Sigiriya, not being an official religious site, didn’t require us to cover up our legs or shouders; and good thing, because it was quite the hike up this huge rock (once the site of an ancient palace! but many speculate that it’s always been a monastery).
Sigiriya is a sweet little day trip; Sandra and I left the hotel around 9:30am and we were back around 1pm; you just get to the rock, fork over $30 USD (yes, thirty US DOLLARS, by far the most expensive thing we did on the trip) and for that you get to climb up the rock with 4034934309 old white tourists, and see a museum on your way out.
I realize that I’m making the experience sound horrible, and I don’t mean to–because the view, once up there, was spectacular. Sandra immediately deemed it the favorite thing she’d done on her trip; and since she’d only just arrived 2 days ago, I just…let that comment slide.
The hike up definitely isn’t for those faint of heart; 2 hours up creaky iron staircases and dubious rope ascents/descents; definitely makes you wonder when all of this was last-safety-checked (and also, how the hell did people get up here before all this tourist friendly access?)

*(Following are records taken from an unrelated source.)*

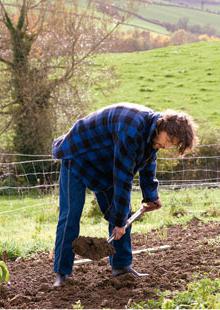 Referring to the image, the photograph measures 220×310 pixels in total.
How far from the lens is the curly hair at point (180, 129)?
18.4 ft

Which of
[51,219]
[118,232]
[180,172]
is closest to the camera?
[118,232]

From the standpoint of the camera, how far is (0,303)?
5.89 metres

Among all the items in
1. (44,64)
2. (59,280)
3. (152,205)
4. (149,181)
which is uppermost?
(44,64)

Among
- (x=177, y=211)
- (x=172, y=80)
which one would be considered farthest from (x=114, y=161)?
(x=172, y=80)

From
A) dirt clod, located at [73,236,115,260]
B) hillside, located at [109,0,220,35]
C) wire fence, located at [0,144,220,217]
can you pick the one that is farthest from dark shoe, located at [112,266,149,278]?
hillside, located at [109,0,220,35]

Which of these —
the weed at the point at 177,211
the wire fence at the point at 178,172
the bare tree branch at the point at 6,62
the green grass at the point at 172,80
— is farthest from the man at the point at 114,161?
the bare tree branch at the point at 6,62

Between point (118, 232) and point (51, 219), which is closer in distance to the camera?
point (118, 232)

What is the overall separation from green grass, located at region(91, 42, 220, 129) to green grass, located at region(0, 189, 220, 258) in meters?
6.97

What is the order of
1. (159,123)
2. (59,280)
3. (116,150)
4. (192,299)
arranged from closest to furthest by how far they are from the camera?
(192,299)
(159,123)
(116,150)
(59,280)

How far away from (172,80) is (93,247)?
23304mm

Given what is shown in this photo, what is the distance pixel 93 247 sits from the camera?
253 inches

On the way, you can take a quick detour to see some of the oldest paintings in Sri Lanka. These paintings…let me tell you; the obsession with thinness didn’t just start in the 21st century, because I figure it is anatomically impossible to have waists as small and breasts as big as the women depicted on the walls. Talk about unrealistic expectations! Geez. Men.

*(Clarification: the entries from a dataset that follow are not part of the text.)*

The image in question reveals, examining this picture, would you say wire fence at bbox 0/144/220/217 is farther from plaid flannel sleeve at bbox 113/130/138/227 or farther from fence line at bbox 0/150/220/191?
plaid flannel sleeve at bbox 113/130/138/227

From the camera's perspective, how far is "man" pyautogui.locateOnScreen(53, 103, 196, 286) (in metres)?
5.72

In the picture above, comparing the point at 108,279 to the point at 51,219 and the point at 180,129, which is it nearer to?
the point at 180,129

Once you get up to the top of Sigiriya, it’s just the tops of trees for miles around; and it reminded me a bit of what I imagine the ruins in South America are like. We spent some time clambering around the ruins, taking jumping pictures, and avoiding a weird crowd of adolescent Sri Lankan boys who insisted following us at every turn.
Conclusion: I’d say that if you had to choose between Sigiriya and Anuradhapura, Sigiriya would come out on top. Expensive price aside, the top of it is really a site to see; and you can spend as much time as you want, relaxing and enjoying the view. However, if you’re leery and intolerant of large tourist crowds, either go early, early in the morning or just before it closes (although…I wouldn’t recommend doing the descent in any state of darkness…) because there will be crowds on crowds on crowds. You can skip the museum on your way out; instead, go cool off by the pool in Sigiriya Village or the infinity pool at Jetwing Vil Uyana (just ask one of the tuktuk drivers out front to take you there, and remember, always ask the number of kilometeres first, multiply it by 60 Rs/km, and offer him that price, no matter what he offers you!)